Na mensagem dirigida aos EUA e aos norte-americanos, Bin Laden critica duramente a Casa Branca e o seu apoio à criação de Israel, que define como “um dos maiores crimes” do país. Os vídeos que agora foram difundidos dissecam e respondem às palavras da “carta”, associando-as à guerra entre Israel e o Hamas que está em curso. A “hashtag” #lettertoamerica tornou-se tendência, antes de ser bloqueada na rede social. Algumas pessoas refletiam sobre como “a leitura do discurso lhes abriu os olhos”, não permitindo que voltassem a interpretar a geopolítica da mesma forma.
A plataforma TikTok pronunciou-se, em comunicado: “O conteúdo que promove esta carta viola claramente as nossas regras quanto ao apoio a qualquer forma de terrorismo.

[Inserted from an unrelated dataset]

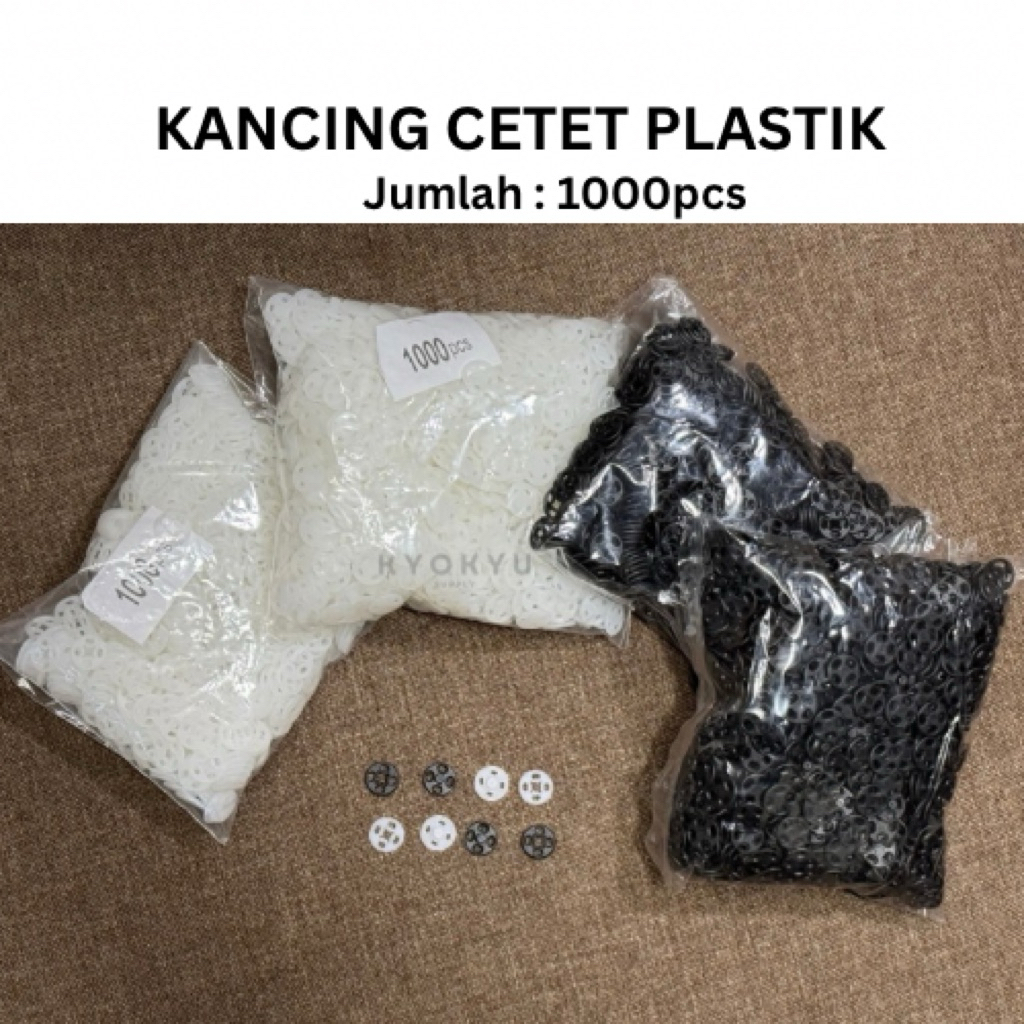 Kancing Cetet Plastik Hitam Putih 10mm 13mm cetet plastik KAM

Estamos a remover esse conteúdo, de forma proativa e agressiva, e a investigar como chegou à nossa plataforma.” A empresa também assegurou que o número de vídeos que divulgavam a carta foi “menor do que o que inicialmente parecia”. A Casa Branca também se posicionou: “Nunca há justificação para espalhar as mentiras repugnantes, malignas e antissemitas que o líder da Al-Qaeda divulgou logo após cometer o pior ataque terrorista da História norte-americana”.